Given the entries below, would you transcribe exactly the lines starting at the one with "Plastic laminate cabinets" and ending at the one with "kitchen featuring appliances", both kept, pictures omitted, nothing extra?

Data listing section start

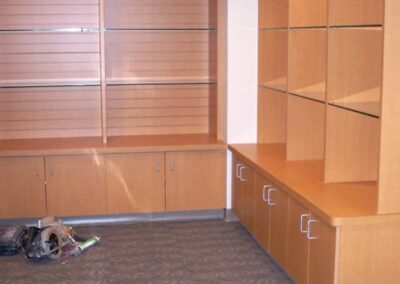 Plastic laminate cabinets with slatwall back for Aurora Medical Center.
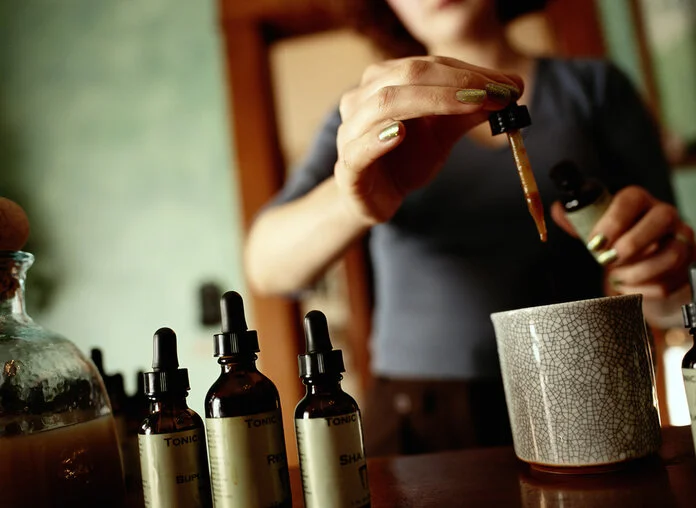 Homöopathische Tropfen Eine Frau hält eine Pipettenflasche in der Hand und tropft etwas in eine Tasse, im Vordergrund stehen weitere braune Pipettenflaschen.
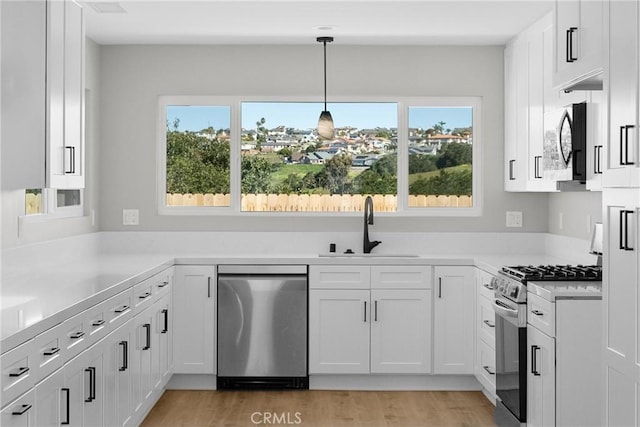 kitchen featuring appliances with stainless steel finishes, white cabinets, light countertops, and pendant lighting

Data listing section end
Data listing section start

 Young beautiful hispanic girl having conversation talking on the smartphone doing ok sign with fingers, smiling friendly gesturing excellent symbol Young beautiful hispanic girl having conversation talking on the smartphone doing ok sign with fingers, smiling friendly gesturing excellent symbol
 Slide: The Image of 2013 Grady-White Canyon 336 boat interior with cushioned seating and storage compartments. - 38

Data listing section end

Response to this task »
 Plastic laminate cabinets with slatwall back for Aurora Medical Center.
 Homöopathische Tropfen Eine Frau hält eine Pipettenflasche in der Hand und tropft etwas in eine Tasse, im Vordergrund stehen weitere braune Pipettenflaschen.
 kitchen featuring appliances with stainless steel finishes, white cabinets, light countertops, and pendant lighting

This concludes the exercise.